A549 and H1650 cells were treated with 10 mM metformin for 72 h. After the treatment, miRNAs were isolated from these cells using an miRNeasy Mini Kit (Qiagen, cat No./ID: 217,004) following the manufacturer's protocol. The quality of extracted miRNAs was first assessed using a NanoDrop 2000 spectrophotometer (Thermo Fisher Scientific). RNA integrity in samples with total RNA greater than 2 μg, an optical density (OD) of 260/280 ≥ 2.0, and OD 260/230 ≥ 2.0 was further analyzed using a 2100 Bioanalyzer (Agilent). Samples with RIN (RNA integrity number) ≥ 7 and ribosomal RNA (rRNA) 28S/18S ≥ 0.7 were selected. Small RNAs (18–30-nucleotide segments) were separated from total RNA by PAGE on a Bioanalyzer. An RNA library was prepared according to the protocol of a NEBNext Multiplex Small RNA Library Prep Kit for Illumina (Index Primers 1–48) and sequenced using an Illumina NextSeq500 platform according to the vendor’s recommended protocol. After sequencing, the quality of produced data was determined by Phred quality score, and reads with an average score over 20 were accepted as good quality. Read counts for each miRNA were normalized using quantile normalization between samples. Afterward, through DEG analysis, miRNAs whose expression levels were increased or decreased by more than two-fold with a normalized RC(log) value of 3 or more and a p-value of 0.05 or less as a result of t-test were selected as differentially expressed miRNAs. Using MeV software, hierarchical clustering analysis was performed, and genes whose expression levels were increased more than 1.5-fold by metformin were further classified through gene ontology analysis.
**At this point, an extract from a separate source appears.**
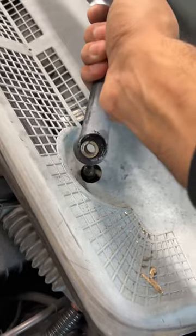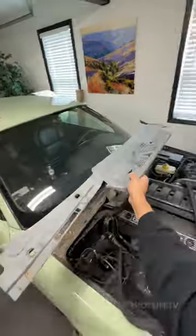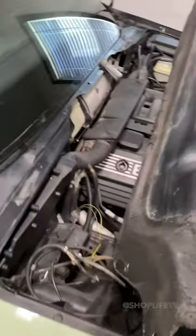On our E36, the cowl has tabs that go under the windshield on the corners, as well as clips on the underside. Just look at all the dirt that has built up over the years — nothing some suction can't fix.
To understand functional roles of dysregulated miRNAs, DAVID bioinformatics resources (v6.8; https://david.ncifcrf.gov/) were used for gene ontology (GO) analysis, and DIANA-miRPath v3.0 (http://www.microrna.gr/miRPathv3) was employed for Kyoto Encyclopedia of Genes and Genomes (KEGG) pathway analysis.

Transfection assay

To demonstrate whether miR-148/-152 family members could regulate expression of DNMTs directly, we constructed an expression clone of miR-148b precursor in the pEZX-MR04 vector. A mimic of miR-148b that exhibited the same activity as endogenous miRNA and a single-stranded synthetic inhibitor having a complementary sequence to inhibit this activity were purchased from Bioneer Co. (Daejeon, South Korea). For transient transfection, A549 cells were plated onto 12-well plates. Cells were transfected at approximately 70–80% confluency with miR-148b-3p construct, miR-148b mimic, or miR-148b inhibitor using Lipofectamine RNAiMAX reagent (Invitrogen, Cat. No. 13778150), following the manufacturer’s protocol. At 24 h post-transfection, some cells were treated with 10 mM metformin for an additional 72 h. Expression levels of DNMTs were then measured using western blot.

Luciferase reporter assay

Putative interactions between miR-148a-3p and DNMT1 3'UTR were analyzed through a luciferase reporter assay. miRNA 3′UTR target expression clone for Human DNMT1 (NM_001130823.2) was purchased from GeneCopoeia (Rockville, MD, Cat no. HmiT094835-MT06). For DNMT1 3′UTR reporter assay, Luc-DNMT1-3′UTR constructs (DNMT1-WT-3′UTR and DNMT1-MT-3′UTR) containing a potential wild-type or a mutant binding sequence were created in the pEZX-MT06 reporter vector (GeneCopoeia, Cat no. CmiT000001-MT06). The DNMT1-WT-3′UTR or DNMT1-MT-3′UTR plasmid was transfected into A549 or H1650 cells alone or in combination with a miR-148a mimic or an miR-148a inhibitor in a 96-well plate using Lipofectamine RNAiMAX reagent (Invitrogen, Cat. No. 13778150) in 5.0 μl Opti-MEM reduced serum medium (Thermo Fisher). Some cells were treated with 10 mM metformin at 24 h post-transfection. Cells were harvested at 24 h after transfection or 72 h after metformin treatment, and luciferase activity was measured using a Gaussia luciferase assay kit (Promega, Madison, WI) according to the manufacturer's instructions. Independent experiments were performed in triplicate for each plasmid construct.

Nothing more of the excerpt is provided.